Lower bound algorithm

[Isinlor]

Here we can keep track of work related to the lower bound algorithm.

This algorithm is optional.

Just as reminder: lower bound algorithm is an algorithm that produces some non-trivial lower bound on the chromatic number.

• [x] First we need to figure out how hard it is to implement such algorithm and whether it is worth doing it.
• [x] Please, provide links to resources, copy&paste relevant snippets here
• [x] Then we need to decide on algorithm that we will implement
• [ ] Implement the algorithm
• [ ] Prepare materials for the presentation

[Isinlor]

Exact algorithm from https://github.com/dke-group-23/DKE-Project/issues/3#issuecomment-427880224 allows to find lower bound.

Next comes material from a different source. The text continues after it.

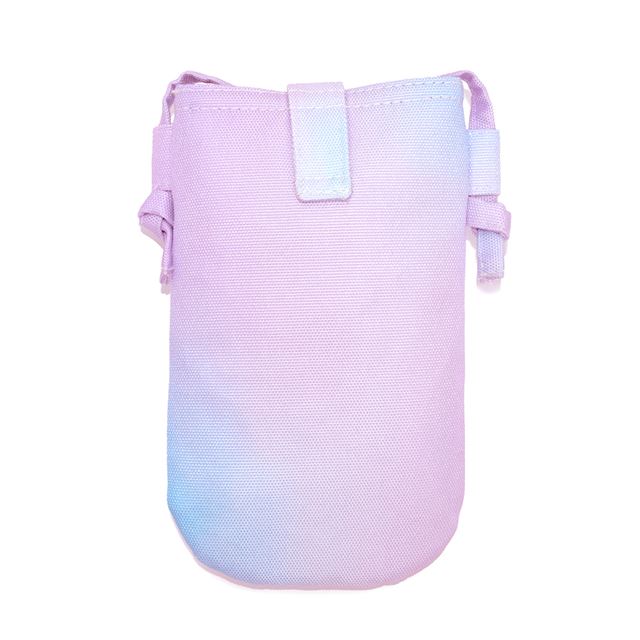 やわらかく軽やかな、おしゃれ「はっ水」スマホショルダー。キッズの自由な行動や成長をサポート！もっと身軽に、安心して、アクティブに動き回ることができる新定番ポシェットです。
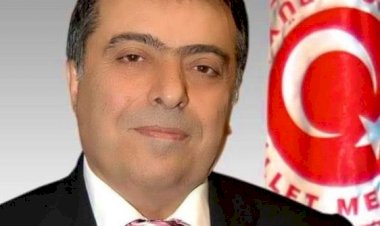 Bir dönemin ünlü Sağlık Bakanı MHP'li Osman Durmuş hayatını kaybetti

Another idea based on Wikipedia:

If G contains a clique of size k, then at least k colors are needed to color that clique;

Also from Wikipedia

a clique is a subset of vertices of an undirected graph such that every two distinct vertices in the clique are adjacent;

From math to human language it would be: If you can find some set of vertices, so that all vertices are connected to all other vertices in that graphs, then this set of vertices is a clique. I guess, as you would expect from the name ;) . It pretty mach follows that because everyone is connected to everyone we will need to color everyone in different color.

The problem is of course how to find clique.

[Seeeeeyo]

With the Bron-Kerbosch algorithm? Here is an explanation of it. http://www.dcs.gla.ac.uk/~pat/jchoco/clique/enumeration/papers/bronKerbosch.pdf

There are a lot of codes of this algorithm online

[Isinlor]

Seems like an useful video: Maximal Cliques(Bron–Kerbosch Algorithm).